When you reach the line that contains "صوبه نضيفه • جديده • ناره حلوه", give it back exactly along with each line after it to the end of the entries; skip any pictures.

(Scraped caption text data)

-=-=-

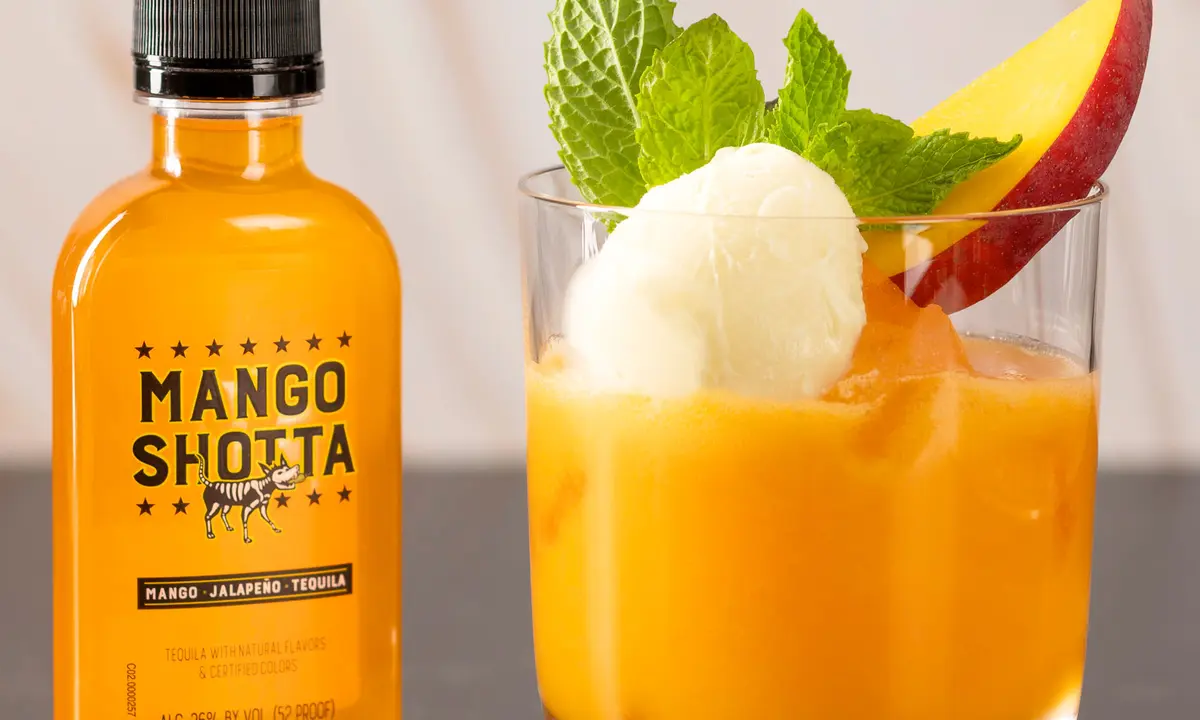 JALAPEÑO – TEQUILA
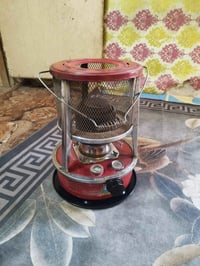 صوبه نضيفه • جديده • ناره حلوه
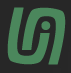 uniPoint Software Inc.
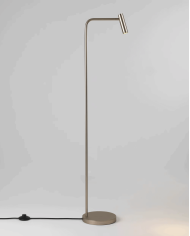 Enna Floor LED - Astro Lighting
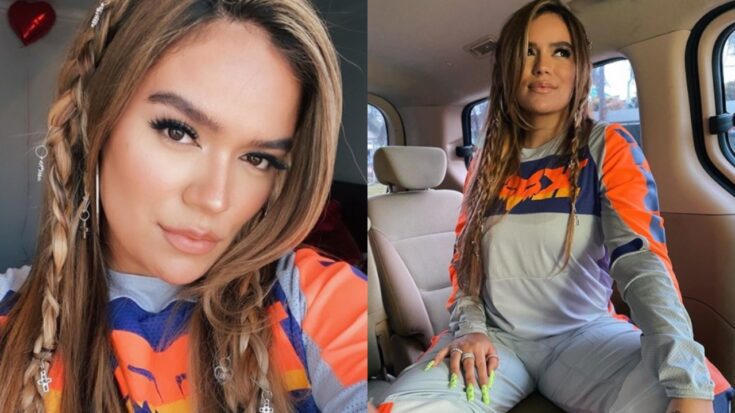 karol g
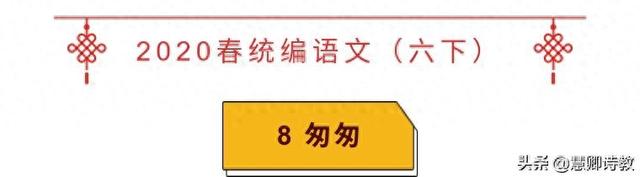 鲁大师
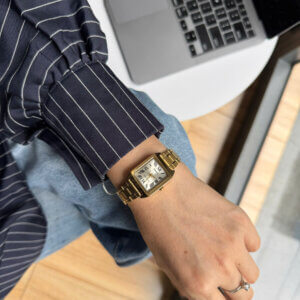 CASIO LTP-V007G-9B-HINH-2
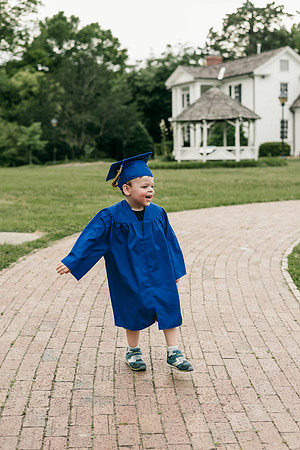 graduate2025-37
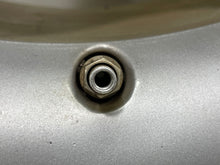 Load image into Gallery viewer, WHEEL RIM GLA250 GLA45 GLAh 15 16 17 18x7 18x7, 5 lug, 112mm - NW324539

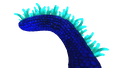 Thumbnail for version as of 16:30, 19 October 2015
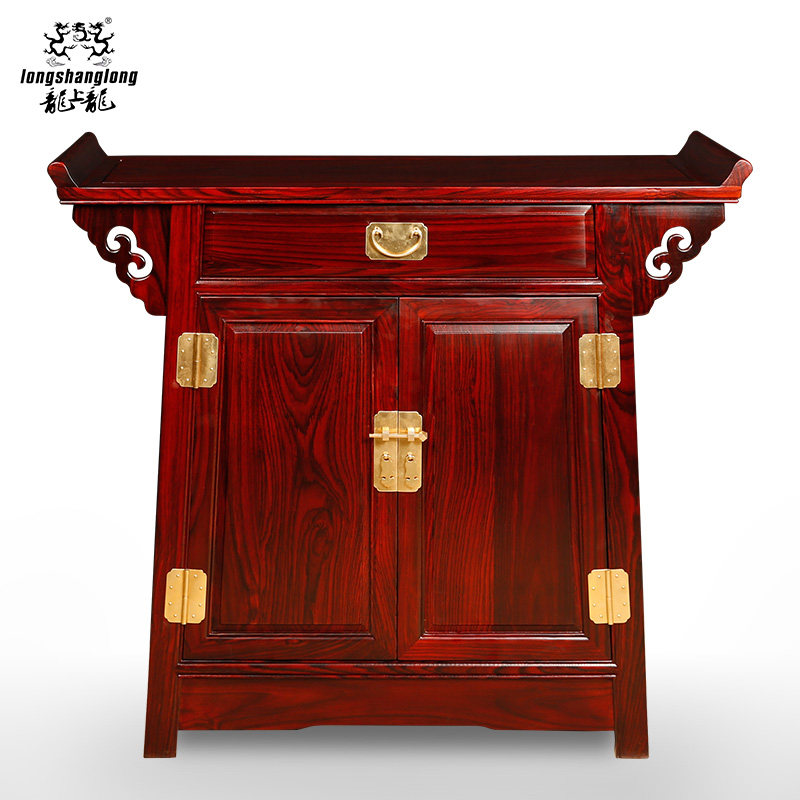 ����������֦��̨LSLHSZGZ20170624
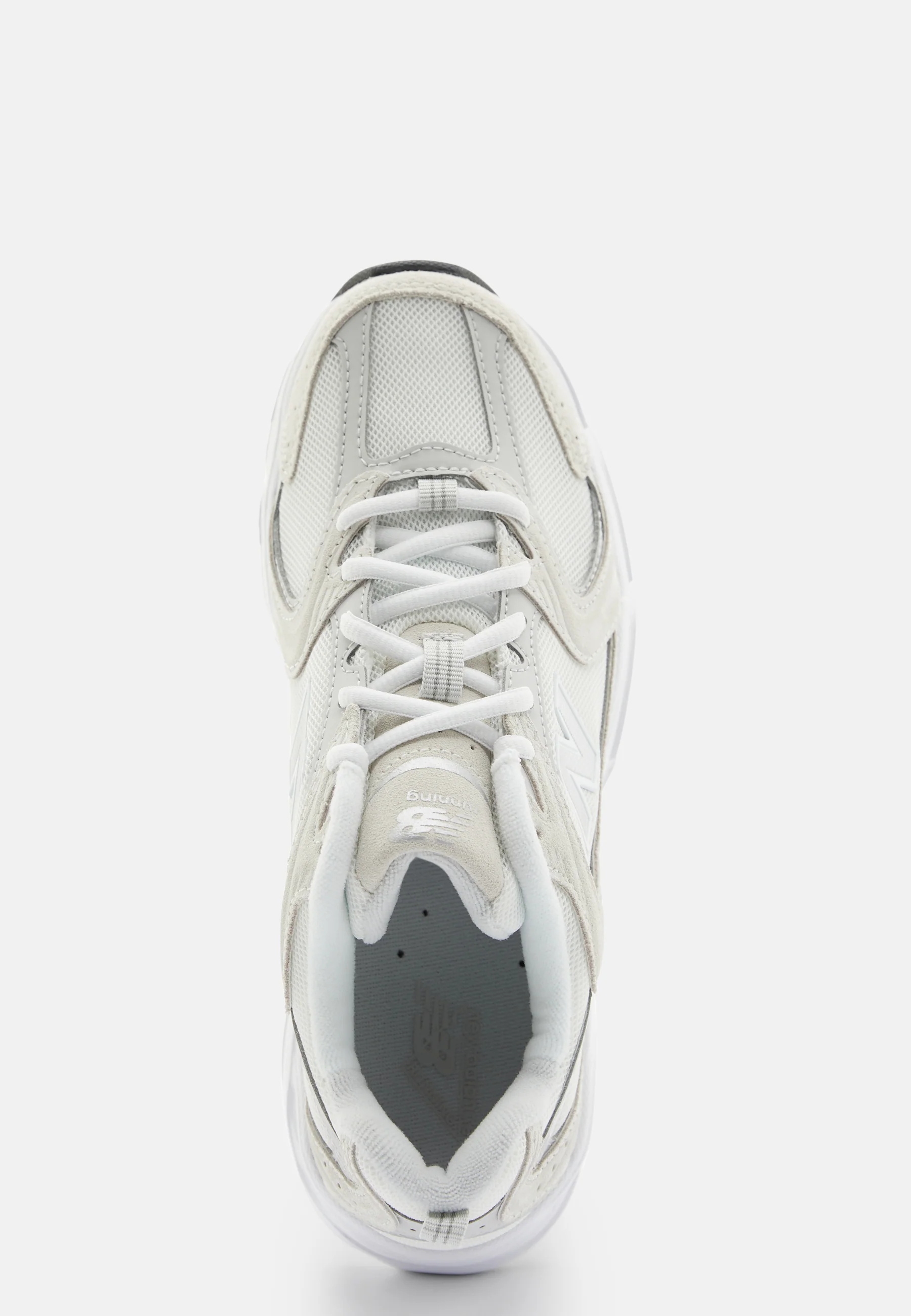 530 Sneaker - Image 4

-=-=-

ANSWER SECTION ▸
 صوبه نضيفه • جديده • ناره حلوه
 uniPoint Software Inc.
 Enna Floor LED - Astro Lighting
 karol g
 鲁大师
 CASIO LTP-V007G-9B-HINH-2
 graduate2025-37
 Load image into Gallery viewer, WHEEL RIM GLA250 GLA45 GLAh 15 16 17 18x7 18x7, 5 lug, 112mm - NW324539

 Thumbnail for version as of 16:30, 19 October 2015
 ����������֦��̨LSLHSZGZ20170624
 530 Sneaker - Image 4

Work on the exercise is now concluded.